Der Rundfunk in der sowjetischen Besatzungszone brauchte ein neues, eigenes Funkhaus. Der Berliner Rundfunk und der Deutschlandsender wurden nicht mehr im Haus der Rundfunks geduldet, welches die Sowjets besetzt hatten. So wurde Anfang der 1950er Jahre ein neues Funkhaus in Berlin-Oberschöneweide am Spreeufer errichtet. Bereits 1956 konnte das neue Funkhaus Nalepastraße eingeweiht werden. Von dort wurden neben dem Berliner Rundfunk auch alle überregionalen DDR-Sender produziert und gesendet, ab 1964 auch der Jugendsender DT64.

Nach der Wende stellten die staatlich kontrollierten Programme nach und nach den Sendebetrieb ein, Sender wurden abgewickelt oder mit West-Berliner Sendern vereint und an neue Standorte umgezogen. Mit dem Jahresbeginn 1992 begannen die neugegründeten Sender ORB für Brandenburg und MDR für Sachsen, Sachsen-Anhalt und Thüringen ihre Programme. Die verbliebenen DDR-Sender wurden zum Deutschlandsender Kultur zusammengeschrumpft, ehe dieser letzte Sender der DDR und RIAS Berlin 1994 zu einem neuen Sender verschmolzen: Deutschlandradio Berlin. Erst im Jahr 2003 wurden Berlin und Brandenburg - zumindest im Rundfunk - vereint: ORB und SFB verschmolzen zum Rundfunk Berlin-Brandenburg (rbb), der seit nunmehr 20 Jahren Programm aus den Funkhäusern in Berlin und Potsdam-Babelsberg für die Region macht.

Der erste private Radiosender startete 1984 in Ludwigshafen. Drei Jahre zuvor urteilte das Bundesverfassungsgericht, dass der Gesetzgeber den Zugang zum Anbieten privater Rundfunkprogramme regeln muss.

Klingende Geräte

Über die Jahrzehnte veränderten sich nicht nur die Radioprogramme, auch die Empfangstechnik ermöglichte neue Hörgewohnheiten. Saßen die Hörenden zu Beginn vor einer klobigen Kiste im Wohnzimmer, kamen mit der Zeit tragbare Kofferradios, Weltempfänger, Ghettoblaster oder Autoradios in allerlei Formen, Farben und Größen auf den Markt.
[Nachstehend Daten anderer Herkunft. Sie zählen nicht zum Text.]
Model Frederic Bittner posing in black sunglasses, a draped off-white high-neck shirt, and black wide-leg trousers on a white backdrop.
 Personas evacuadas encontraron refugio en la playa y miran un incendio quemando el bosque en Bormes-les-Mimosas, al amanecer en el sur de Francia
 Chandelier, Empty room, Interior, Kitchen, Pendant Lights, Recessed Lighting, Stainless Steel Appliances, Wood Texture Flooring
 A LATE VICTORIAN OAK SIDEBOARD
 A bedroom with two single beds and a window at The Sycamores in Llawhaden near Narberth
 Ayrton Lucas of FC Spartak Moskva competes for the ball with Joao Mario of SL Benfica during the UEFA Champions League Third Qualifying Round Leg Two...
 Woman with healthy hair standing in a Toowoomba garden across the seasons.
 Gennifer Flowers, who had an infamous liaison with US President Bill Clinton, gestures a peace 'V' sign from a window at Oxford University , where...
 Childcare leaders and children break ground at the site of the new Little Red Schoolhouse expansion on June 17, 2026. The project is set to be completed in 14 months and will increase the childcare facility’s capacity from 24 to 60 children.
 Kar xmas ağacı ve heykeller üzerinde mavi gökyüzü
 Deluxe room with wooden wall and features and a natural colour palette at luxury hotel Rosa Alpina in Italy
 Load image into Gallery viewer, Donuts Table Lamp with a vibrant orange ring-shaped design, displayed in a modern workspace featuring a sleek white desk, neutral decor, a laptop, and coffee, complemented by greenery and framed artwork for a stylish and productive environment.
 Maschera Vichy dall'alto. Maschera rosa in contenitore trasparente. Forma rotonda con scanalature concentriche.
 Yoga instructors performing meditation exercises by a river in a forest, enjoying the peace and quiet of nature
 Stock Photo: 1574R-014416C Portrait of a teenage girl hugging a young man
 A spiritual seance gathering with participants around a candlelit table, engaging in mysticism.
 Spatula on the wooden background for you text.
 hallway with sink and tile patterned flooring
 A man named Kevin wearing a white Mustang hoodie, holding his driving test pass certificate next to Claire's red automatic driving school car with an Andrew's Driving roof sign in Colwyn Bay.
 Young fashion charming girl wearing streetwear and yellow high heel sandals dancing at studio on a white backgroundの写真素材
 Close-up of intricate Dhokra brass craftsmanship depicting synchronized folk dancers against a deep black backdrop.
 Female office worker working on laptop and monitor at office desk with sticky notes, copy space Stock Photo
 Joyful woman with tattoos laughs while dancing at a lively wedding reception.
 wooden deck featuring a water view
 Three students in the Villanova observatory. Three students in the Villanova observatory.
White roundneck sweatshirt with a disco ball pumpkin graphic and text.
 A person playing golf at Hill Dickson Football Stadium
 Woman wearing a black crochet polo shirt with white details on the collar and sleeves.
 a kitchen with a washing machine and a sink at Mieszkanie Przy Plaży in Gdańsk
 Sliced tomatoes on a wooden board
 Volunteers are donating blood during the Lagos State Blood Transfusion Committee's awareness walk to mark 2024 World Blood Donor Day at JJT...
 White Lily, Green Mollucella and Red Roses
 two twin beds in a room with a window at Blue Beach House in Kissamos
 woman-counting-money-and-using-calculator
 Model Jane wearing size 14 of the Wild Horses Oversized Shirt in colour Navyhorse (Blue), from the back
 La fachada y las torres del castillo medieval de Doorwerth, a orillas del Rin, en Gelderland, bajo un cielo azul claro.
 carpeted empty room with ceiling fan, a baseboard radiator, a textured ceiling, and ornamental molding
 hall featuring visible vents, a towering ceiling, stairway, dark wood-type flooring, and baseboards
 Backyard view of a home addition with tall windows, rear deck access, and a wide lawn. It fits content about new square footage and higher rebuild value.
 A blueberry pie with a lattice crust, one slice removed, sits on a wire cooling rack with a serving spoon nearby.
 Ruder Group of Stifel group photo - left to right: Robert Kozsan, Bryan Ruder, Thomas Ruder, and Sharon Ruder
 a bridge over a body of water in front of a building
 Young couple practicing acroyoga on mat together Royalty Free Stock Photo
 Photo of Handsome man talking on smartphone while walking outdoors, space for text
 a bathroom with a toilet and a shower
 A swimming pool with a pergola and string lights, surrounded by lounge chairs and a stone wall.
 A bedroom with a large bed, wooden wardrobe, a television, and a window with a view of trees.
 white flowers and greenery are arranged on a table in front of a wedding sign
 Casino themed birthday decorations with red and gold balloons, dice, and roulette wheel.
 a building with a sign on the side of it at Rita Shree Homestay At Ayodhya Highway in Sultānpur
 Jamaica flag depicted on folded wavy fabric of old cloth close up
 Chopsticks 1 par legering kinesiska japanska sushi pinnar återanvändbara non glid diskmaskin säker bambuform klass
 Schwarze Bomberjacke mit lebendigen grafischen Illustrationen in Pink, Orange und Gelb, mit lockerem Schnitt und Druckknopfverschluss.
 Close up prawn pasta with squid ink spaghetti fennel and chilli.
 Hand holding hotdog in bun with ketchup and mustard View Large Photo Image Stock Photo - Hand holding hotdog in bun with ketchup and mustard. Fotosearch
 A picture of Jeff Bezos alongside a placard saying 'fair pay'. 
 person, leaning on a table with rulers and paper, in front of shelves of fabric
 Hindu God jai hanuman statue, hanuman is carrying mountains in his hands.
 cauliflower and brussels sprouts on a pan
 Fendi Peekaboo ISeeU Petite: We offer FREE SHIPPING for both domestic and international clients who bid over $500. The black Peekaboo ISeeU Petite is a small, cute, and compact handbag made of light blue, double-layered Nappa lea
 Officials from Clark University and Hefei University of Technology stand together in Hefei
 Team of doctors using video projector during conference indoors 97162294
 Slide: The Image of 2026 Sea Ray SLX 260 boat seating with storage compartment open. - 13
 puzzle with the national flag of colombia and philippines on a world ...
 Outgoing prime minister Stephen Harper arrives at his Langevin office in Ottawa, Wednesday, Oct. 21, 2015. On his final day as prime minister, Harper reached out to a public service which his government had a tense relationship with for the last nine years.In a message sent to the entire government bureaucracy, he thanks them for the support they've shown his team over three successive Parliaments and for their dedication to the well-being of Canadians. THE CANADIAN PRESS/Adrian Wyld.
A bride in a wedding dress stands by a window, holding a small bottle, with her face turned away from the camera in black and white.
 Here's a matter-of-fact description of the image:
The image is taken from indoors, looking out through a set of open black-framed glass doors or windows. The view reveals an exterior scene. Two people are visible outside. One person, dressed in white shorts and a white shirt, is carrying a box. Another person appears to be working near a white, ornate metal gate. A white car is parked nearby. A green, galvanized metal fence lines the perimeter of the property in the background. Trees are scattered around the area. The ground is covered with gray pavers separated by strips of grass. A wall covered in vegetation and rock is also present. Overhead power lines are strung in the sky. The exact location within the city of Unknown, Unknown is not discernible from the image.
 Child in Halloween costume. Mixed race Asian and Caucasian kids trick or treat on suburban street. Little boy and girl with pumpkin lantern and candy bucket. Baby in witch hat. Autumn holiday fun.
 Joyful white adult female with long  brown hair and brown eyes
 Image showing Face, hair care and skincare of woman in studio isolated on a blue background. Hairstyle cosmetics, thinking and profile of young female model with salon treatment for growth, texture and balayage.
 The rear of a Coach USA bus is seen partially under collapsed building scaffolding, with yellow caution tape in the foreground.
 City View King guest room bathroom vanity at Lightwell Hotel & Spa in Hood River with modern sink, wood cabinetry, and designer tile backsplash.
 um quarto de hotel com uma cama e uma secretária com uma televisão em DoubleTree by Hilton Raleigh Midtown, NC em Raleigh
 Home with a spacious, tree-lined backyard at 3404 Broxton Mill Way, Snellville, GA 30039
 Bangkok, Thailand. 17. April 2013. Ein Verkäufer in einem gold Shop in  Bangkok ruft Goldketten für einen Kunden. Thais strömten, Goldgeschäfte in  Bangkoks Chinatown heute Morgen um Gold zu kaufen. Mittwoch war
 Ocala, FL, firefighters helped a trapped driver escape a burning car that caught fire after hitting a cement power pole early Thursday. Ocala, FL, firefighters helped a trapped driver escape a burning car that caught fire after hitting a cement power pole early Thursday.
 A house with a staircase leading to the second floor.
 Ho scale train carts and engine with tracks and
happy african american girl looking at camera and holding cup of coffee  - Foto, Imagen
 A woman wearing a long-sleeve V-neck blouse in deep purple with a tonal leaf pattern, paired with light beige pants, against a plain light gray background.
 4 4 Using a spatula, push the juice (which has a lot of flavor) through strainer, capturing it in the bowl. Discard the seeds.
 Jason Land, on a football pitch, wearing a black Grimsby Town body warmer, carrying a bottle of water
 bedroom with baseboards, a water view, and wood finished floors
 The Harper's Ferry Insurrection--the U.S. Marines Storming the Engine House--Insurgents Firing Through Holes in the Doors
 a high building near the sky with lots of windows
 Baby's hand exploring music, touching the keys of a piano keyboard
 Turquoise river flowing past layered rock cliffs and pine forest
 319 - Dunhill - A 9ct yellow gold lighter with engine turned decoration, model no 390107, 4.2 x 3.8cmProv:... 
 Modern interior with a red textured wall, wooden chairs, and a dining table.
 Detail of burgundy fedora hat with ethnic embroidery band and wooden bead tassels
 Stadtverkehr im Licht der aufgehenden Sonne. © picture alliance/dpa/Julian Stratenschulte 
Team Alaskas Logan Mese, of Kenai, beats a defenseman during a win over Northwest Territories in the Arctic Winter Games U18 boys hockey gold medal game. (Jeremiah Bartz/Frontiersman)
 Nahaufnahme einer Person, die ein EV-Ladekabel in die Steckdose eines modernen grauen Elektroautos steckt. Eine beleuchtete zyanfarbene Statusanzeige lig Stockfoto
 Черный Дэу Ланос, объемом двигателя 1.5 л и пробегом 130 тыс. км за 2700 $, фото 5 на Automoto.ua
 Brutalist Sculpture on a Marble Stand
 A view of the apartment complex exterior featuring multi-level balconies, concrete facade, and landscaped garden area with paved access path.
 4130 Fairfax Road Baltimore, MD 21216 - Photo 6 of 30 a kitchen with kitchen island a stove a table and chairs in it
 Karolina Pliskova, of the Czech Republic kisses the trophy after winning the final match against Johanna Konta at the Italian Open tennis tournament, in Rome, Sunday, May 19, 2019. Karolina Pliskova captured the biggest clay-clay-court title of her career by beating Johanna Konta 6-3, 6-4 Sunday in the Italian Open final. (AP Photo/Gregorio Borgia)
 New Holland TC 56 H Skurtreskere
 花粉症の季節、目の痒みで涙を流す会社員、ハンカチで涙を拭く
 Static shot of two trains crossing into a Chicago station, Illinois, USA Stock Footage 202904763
Mit dem Siegeszug der Smartphones brauchte man kein separates Empfangsgerät mehr, um Radio zu hören. Dazu reichte nun ein Klick auf die entsprechende App. Immerhin: Der Datenaustausch der Smartphones basiert auf demselben Prinzip, wie zu Zeiten der ersten Radioübertragung vor 100 Jahren: Übertragung von Funkwellen.

Das 100-jährige Jubiläum des Radios wird am Freitag, den 13. Oktober, im rbb mit einer Veranstaltung gefeiert. Im Großen Sendesaal im Haus des Rundfunks findet die "100 Jahre Radio Show" statt. Alle rbb-Radiowellen sind dabei und präsentieren live vor Publikum Nachrichten, Wetter, Verkehr, Jingles und Musik. Beginn ist 19 Uhr.